Das ist nicht immer so, manchmal geht es auch schneller, kommt mehr verwertbares Material in kürzerer Zeit zusammen. Peter Wedel weiß das, weil die Crew schon drei Tage lang auf der Rennbahn an verschiedenen Orten gefilmt hat - auf der Zuschauertribüne oder auf dem von Bäumen beschatteten, Vorplatz - und in leeren (!) Ställen. Oberstes Gesetz ist es nämlich, dass die hochsensiblen Rennpferde nicht gestört oder gestresst werden. Unter ihnen ist auch Torquator Tasso (das r wurde versehentlich an den Vornamen drangehängt), der zur Zeit als das sechstbeste Rennpferd der Welt gilt und 2021 den berühmten Prix de l’Arc de Triomphe gewann. Diesen Champion wollen auch alle Theaterleute mal sehen.
Mülheimer Rennbahn: Gedreht wird in den Boxen für Gastpferde
Der Rennclub sagte übrigens gleich zu, als das Theater anfragte, ob man auf der Rennbahn Filmaufnahmen machen dürfe. „Als Nachbarn hilft man sich gerne“, sagt Ann-Kathrin Schweres, für Marketing und Veranstaltungsmanagement zuständig. Außerdem habe man schon mehrfach kooperiert. Für den Nachmittag, an dem in den Boxen für Gastpferde eine Szene gedreht werden soll, besorgt sie wichtige Requisiten: Sattel, Trense, usw. „Von etwa 4.30 bis 14 Uhr ist Pferdetraining, rund 220 Pferde reiten dann übers Gelände“, erklärt sie. TaR-Dramaturg Markus Sascha Schlappig erwägt ernsthaft, einmal in aller Herrgottsfrühe vorbeizuschauen.

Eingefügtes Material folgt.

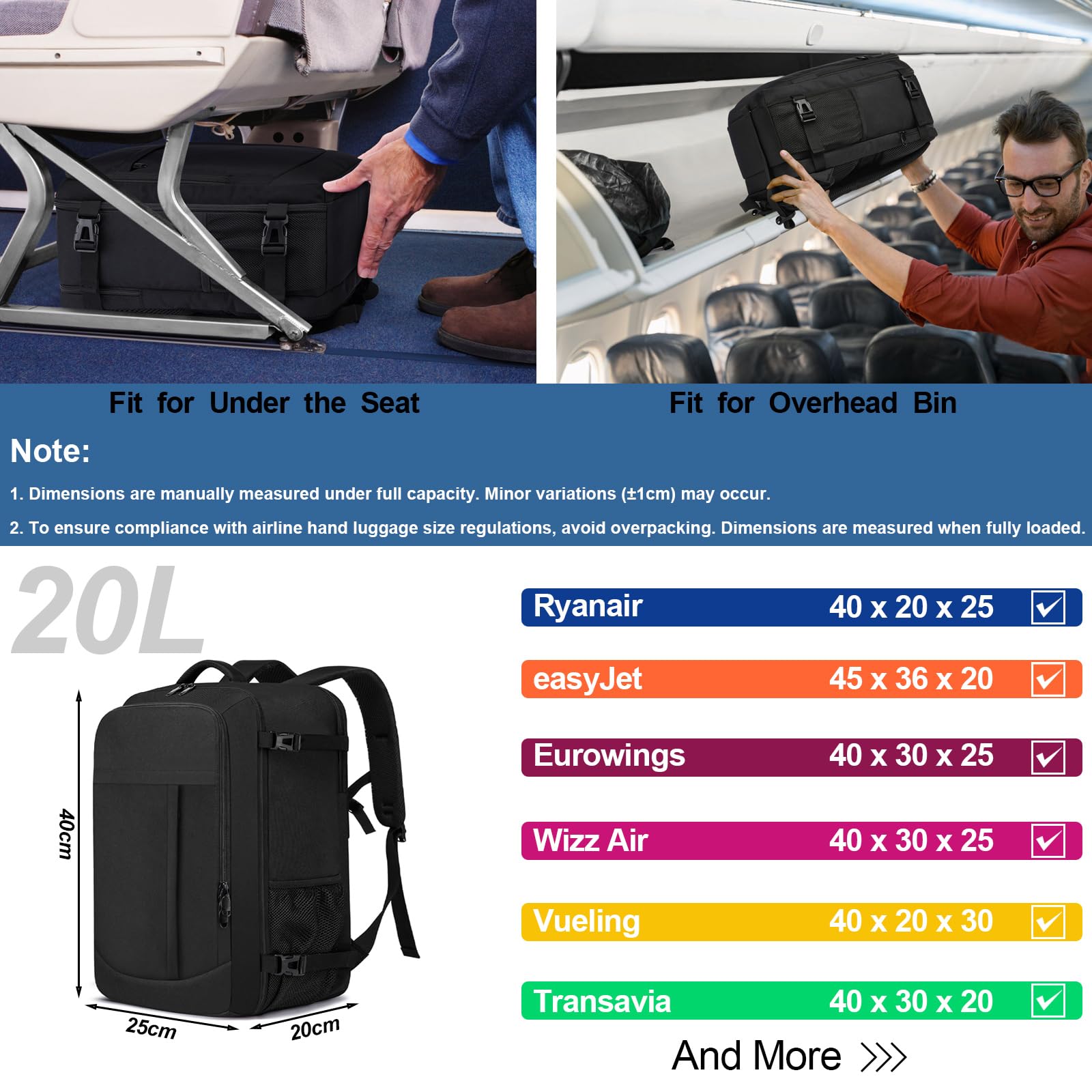 Zaino per Ryanair 40x20x25cm Piccolo Zaino Viaggio Bagaglio a Mano Zaino da Viaggio Aereo 20L Zaini Cabina 40x20x25cm Borsa da Cabina per Voli Zaino Donna Uomo, 14 Pollici Zaino Porta PC, Nero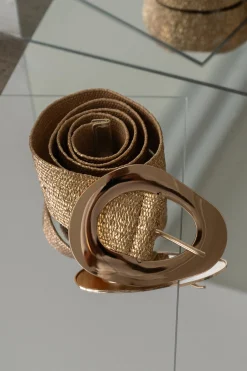 Gold Oval Buckle Woven Belt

Der Film basiert auf einem Märchen, das Theatergründer Roberto Ciulli einst, mit 19 Jahren, geschrieben hat und das Matthias Flake, Komponist und Musiker am TaR, in eine Märchenoper verwandelt hat. Er stellte auch den Kontakt zur Folkwang-Uni her: Fünf junge Schauspiel-Absolventen wirken im Stück mit. Der Film von Peter Wedel wird das Mittelstück der dreiteiligen Produktion bilden, über die Theaterregisseurin Simone Thoma nicht allzu viel verraten will. Es wird um Menschen und Pferde gehen. Der dritte Teil fußt auf dem Handke-Stück „Der Ritt über den Bodensee“.
Mülheimer Theatergründer war ein leidenschaftlicher Reiter
Weder im Stück noch im Film wird allerdings ein echtes Ross eine Rolle übernehmen. Die Rennpferde vom Raffelberg sind ohnehin zu nervös dazu. Kurz vor der Mittagspause am Set - es wird bei schönstem Wetter open air gegessen - schaut auch Roberto Ciulli vorbei und verrät, dass er in den 70er Jahren „ein leidenschaftlicher Reiter war“. Und das ist tatsächlich kein Märchen.